Peter Jolly has spent his entire life in Tarras and seen a lot of change in that time - not all of it good.
"We're a community in decline and we're a community, to be honest, that's struggling," he told RNZ.
"The school roll is just stagnant at 10 to 13. When I went to the Tarras School there was 80-plus kids there. It was a four-teacher school and a very vibrant school."
The school was not the only victim of decline, he said.
In his lifetime the small village had lost its rugby club, cricket club and a slew of other community and sporting organisations.
It was why he was keen to see Christchurch Airport's plan for an international airport on 750 hectares of farmland it had bought in the area.
"Tarras needs more people and to have more people in Tarras they need to have something to do," Jolly said.
"We need more young people in Tarras, not older people like me, but younger people and they have to have jobs. And I think before people jump up and down about the airport they should wait and see what it could possibly do for the Tarras community."
The proposal to build an international airport in the small Central Otago settlement had reopened the divide in the town.
Almost a decade ago a proposal for an irrigation scheme similarly divided the community.
Jolly was one of the masterminds behind that proposal.
Support for the idea was largely split between multi-generational farmers and those who had more recently arrived - and the airport debate was much the same, Jolly said.
Sustainable Tarras chairperson Chris Goddard said whether residents were born in Tarras or had moved there, their opinion was equally valid.
A survey taken by the group quite clearly showed the community had doubts about the airport proposal.
"Forty-one percent of the community gave us a reply and it was a very strong message that 83 percent of the respondents - the families around Tarras - thought that the Christchurch Airport project was a bad idea or a very bad idea," he said.
The survey also showed the entire community agreed on one thing - they wanted a vibrant future for the village.

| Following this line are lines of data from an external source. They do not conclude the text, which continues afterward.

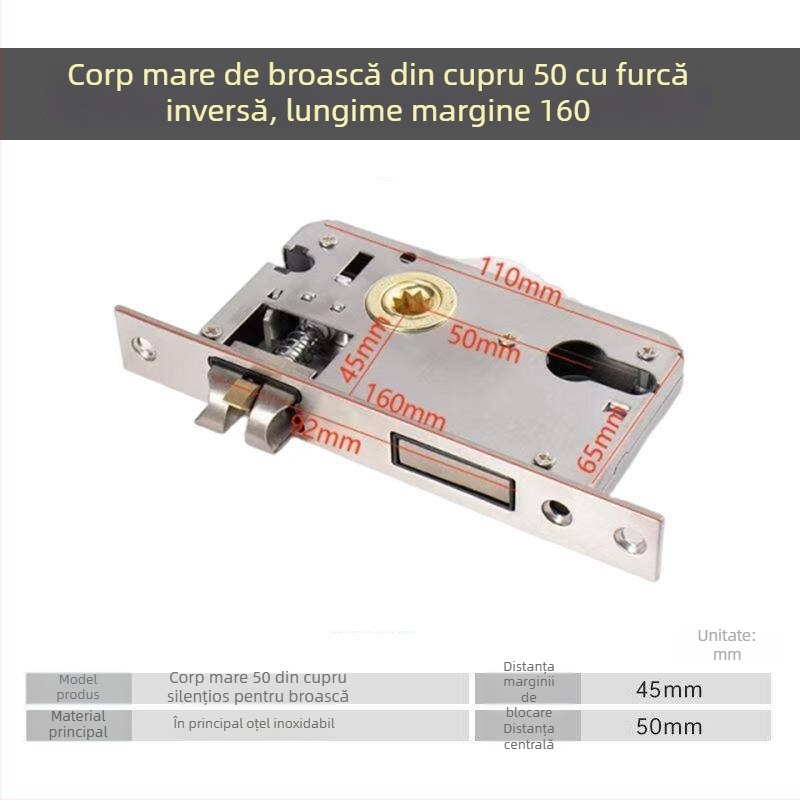 Set de încuietori pentru uși din lemn, corp de încuire universal de 50 mm, bolt din oțel inoxidabil silențios 58 mm, cilindru de încuie și accesorii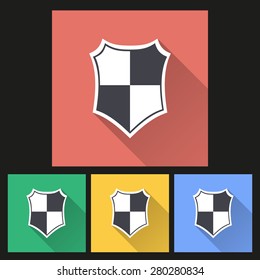 Shield icon with long shadow, flat design. Vector illustration.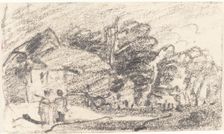 Two Figures on a Country Road. Creator: John Varley I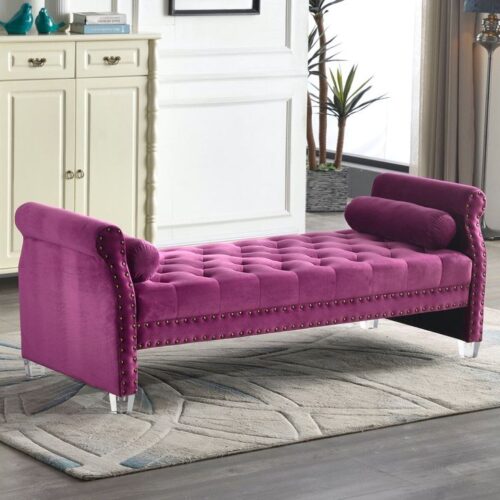 Rolled Arm Tufted Chaise Lounge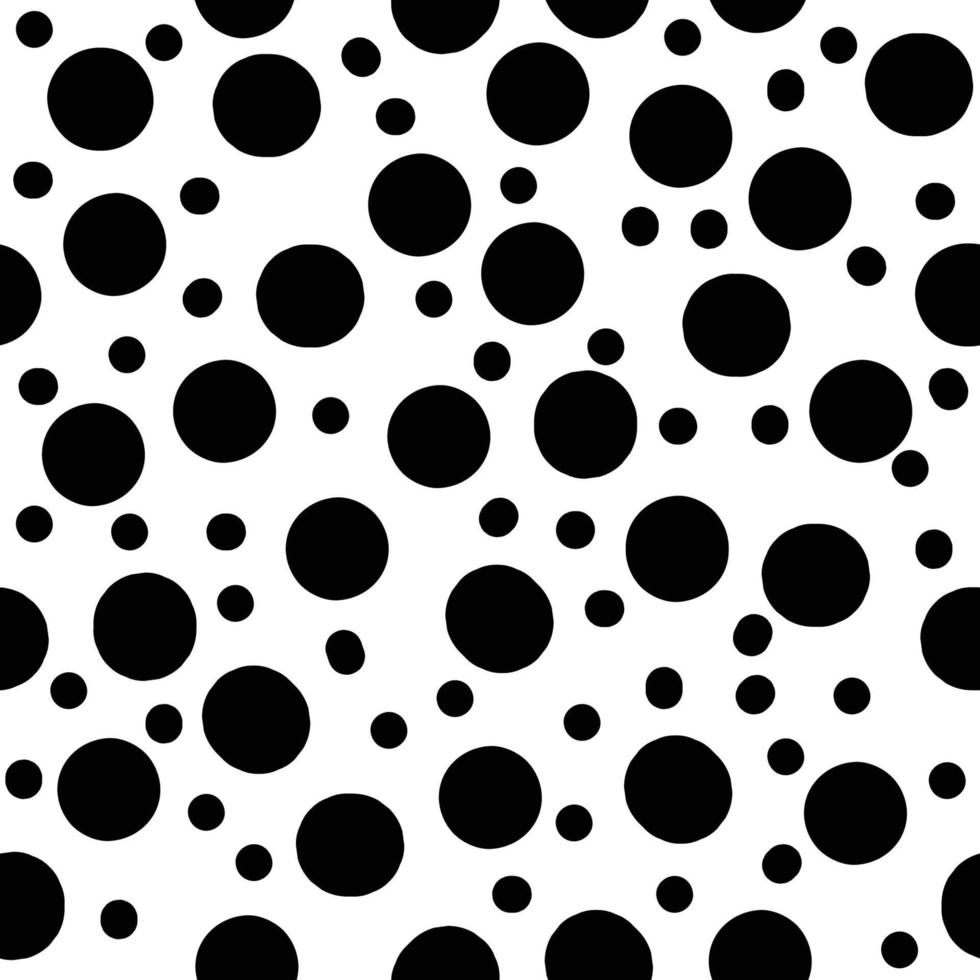 nero e bianca senza soluzione di continuità polka punto modello. monocromo, tratteggiata vettore sfondo. geometrico astratto con nero cerchi. eps 10.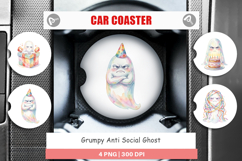 Grumpy Anti Social Ghost Car Coaster Product Image 1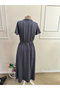 Women's short sleeve collared zippered ornament pocket detailed long viscose two thread dress - 6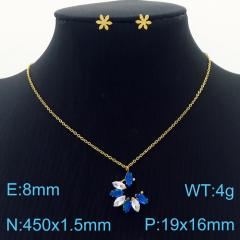 Dainty colorful diamond flower pendant stainless steel necklace set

But Goddard said he doubted an airport would provide that.
"If the airport follows the playbook that they follow in Christchurch, there will be no local residential development in Tarras or anywhere near it," he said.
"The families [of airport workers] would need to be in locations like Hāwea, locations like Alex[andra], Clyde, Cromwell and when you look at the housing prices those 6000, predominantly low-income, jobs the airport will bring - those families can't afford housing in the district whether it's in Tarras with a minimum of 20-hectare lots or whether it's in Lake Hāwea or Clyde or Cromwell or Alex[andra], where you can have smaller lots - they are priced out of low-income earners wages."

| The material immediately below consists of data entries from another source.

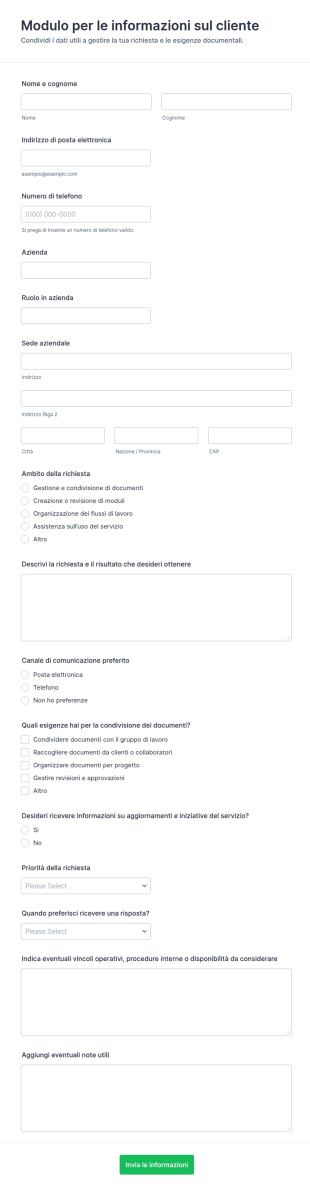 Condivisione Informazioni Clienti Form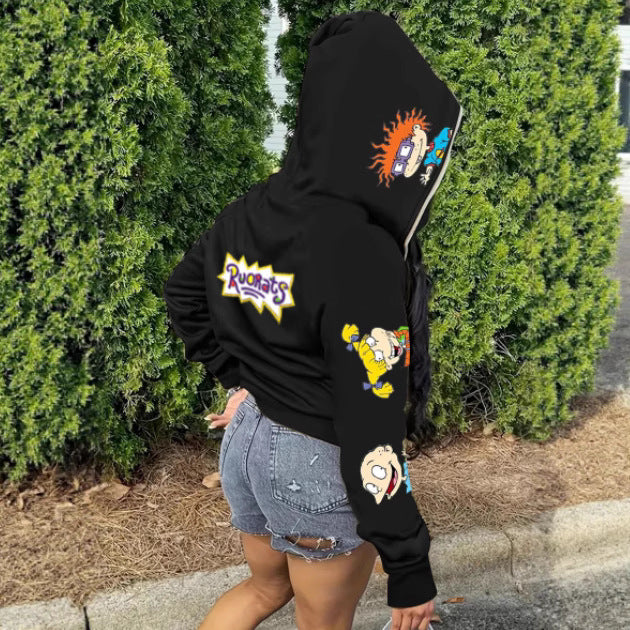Hooded sweatshirt for women with a creative cartoon design Lune London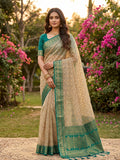 Chiku With RAMA GREEN COTTON Saree With Blouse Piece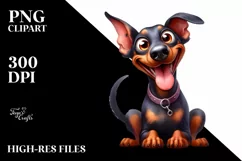 Cute Watercolor Doberman Pinscher Clipart Product Image 3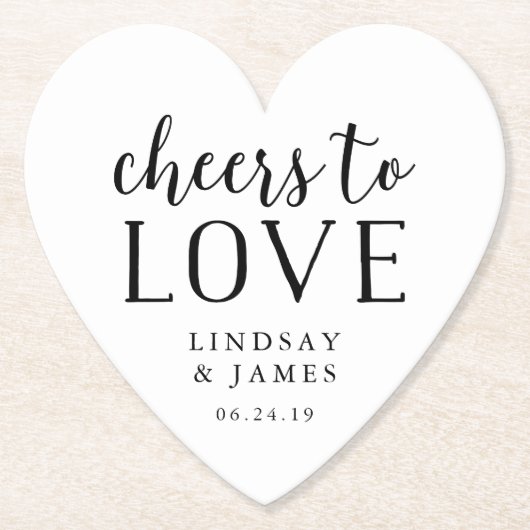 Cheers to Love Wedding Kartonnen Onderzetters (Voorkant)
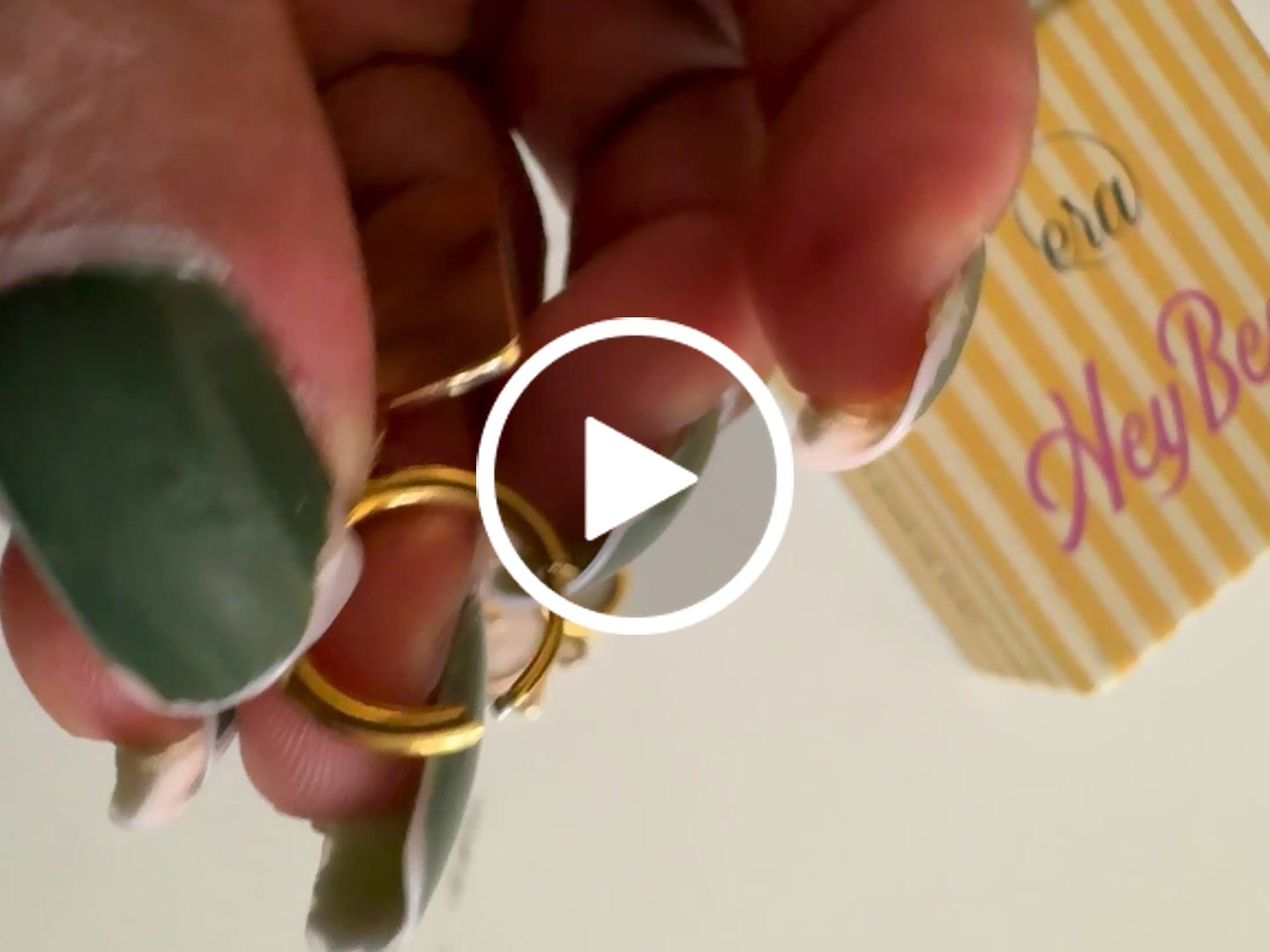 Customer video review of Gold Pearl Square Drop Earring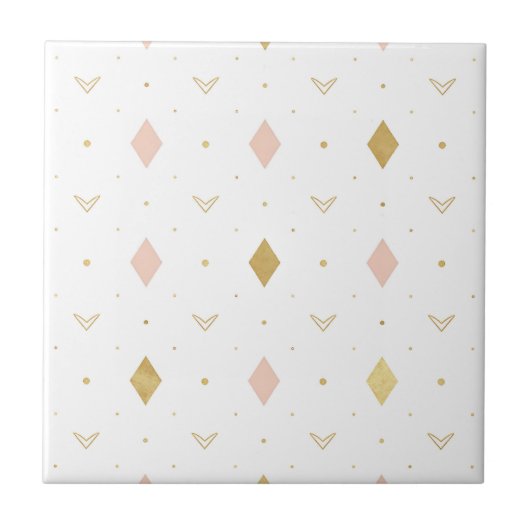 Blush Pink Gold Geometric Pattern タイル (正面)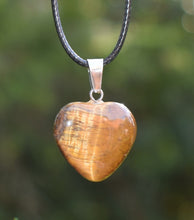 Load image into Gallery viewer, Tigers Eye Crystal Heart Pendant & 18" Cord Necklace |Reiju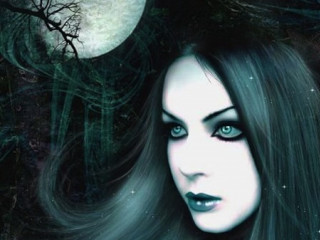 Woman blue eyes fullmoon gothic - a full moon and trees free wallpaper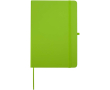 A5 hard cover synthetic leather notebook with ruled pages colour lime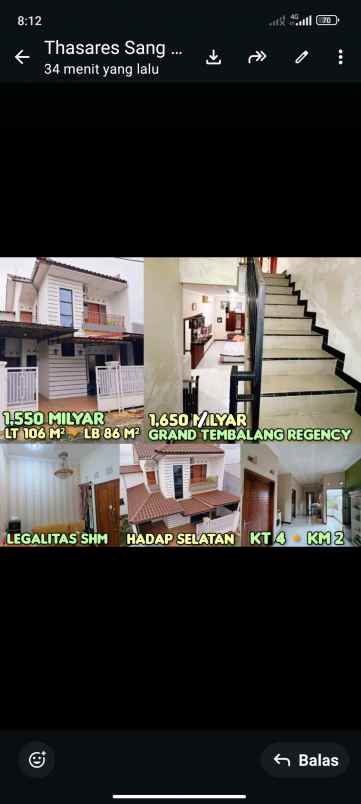 dijual rumah di grand tembalang regency semarang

He also questioned whether Christchurch Airport's proposal could ever stack up in terms of sustainability, with the carbon footprint it would generate during construction alone.
But fourth-generation farmer Jonny Trevathan said he wanted to see more jobs and more possibilities for the future of the town.
In his lifetime the town's population had trebled, while the school roll is dwindled to a third of what it was when he went there.
There was Nimbyism at play when it came to opposition to the airport, he said.
"A lot of their points are about the ecosystem and they want to see it remain as it is," Trevathan said.
"Some of them haven't got very good memories. What we're standing on now is basically a road and that's what a lot of this area looked like, and they've come here and bulldozed all that, taken the native matagouri out in places and they've put vineyards in.
"They say 'That's the ecosystem now' outside their place, but their place doesn't count."
He agreed with Peter Jolly and wanted to see the details of Christchurch Airport's plan.
It was expected it would take until 2023 for any decision to be made on whether the airport company would press ahead.